Background
When calculate PMI or PPMI from a co-occurrence matrix (COM), it sums each row (co-occurrences) of the COM e.g. 2 for pineapple as in the formula in the snapshot. For this question, it is about words co-occurrences in a corpus text sequence.
Question
Can the PMI formula calculate correct PMI from a COM? I think this part in the formula does not give the number of co-occurred words for the row i
.
$\sum_{j=1}^Cf_{ij}$
Example
Creating a COM from text sequence using N-Gram(N=5).
Each word between or and Q has four co-occurrence words (COW), e.g. (to, be, is, the) for the word that. However, the word matters at the end only has two COW (Q, that).

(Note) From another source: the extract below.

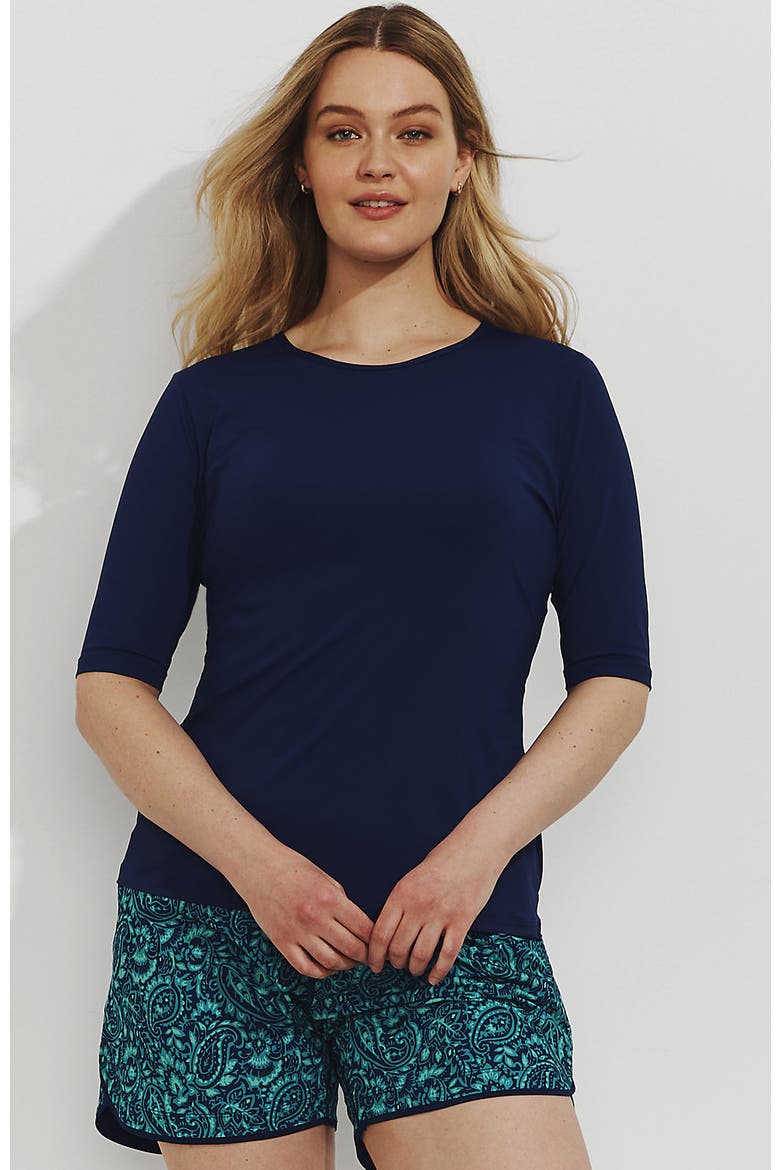 SunShade UPF 50 Elbow Sleeve Rash Guard Swim Tee, Main, color, Deep Sea Navy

Therefore, $\sum_{j=1}^Cf_{ij}$ for each words are:
- 6 for to (i = 1) --> cannot calculate from dividing by COW
- 7 for be (i = 2) --> cannot calculate from dividing by COW
- 4 for or (i = 3) -->
or occurred (4 / COW) times = 1
- 4 for not (i = 4) -->
not occurred (4 / COW) times = 1
- 7 for that (i ==5) --> cannot calculate from dividing by COW
- 4 for is (i = 6) -->
is occurred (4 / COW) times = 1
- 4 for the (i = 7) -->
the occurred (4 / COW) times = 1
- 4 for Q (i = 8) -->
Q occurred (4 / COW) times = 1
- 2 for matter (i = 9) --> cannot calculate from dividing by COW
For those words at the ends of the corpus, $\sum_{j=1}^Cf_{ij}$ does not represents how many times the word at row i
occurred.
Workadound
By padding both ends of the corpus with NIL, the number of times when a word occured can be calculated via $\sum_{j=1}^Cf_{ij} / COW$ at each row i
. However, a COM will not include such dummy NIL word counts.
Then the formula to calculate PMI/PPMI seems not to be completely accurate regarding those words at ends, although it could be negligible when the corpus size or vocabulary size is big.
Please help to clarify the accuracy of PMI, or if I misunderstand COM such as COM is different from my understanding and there is no such issue.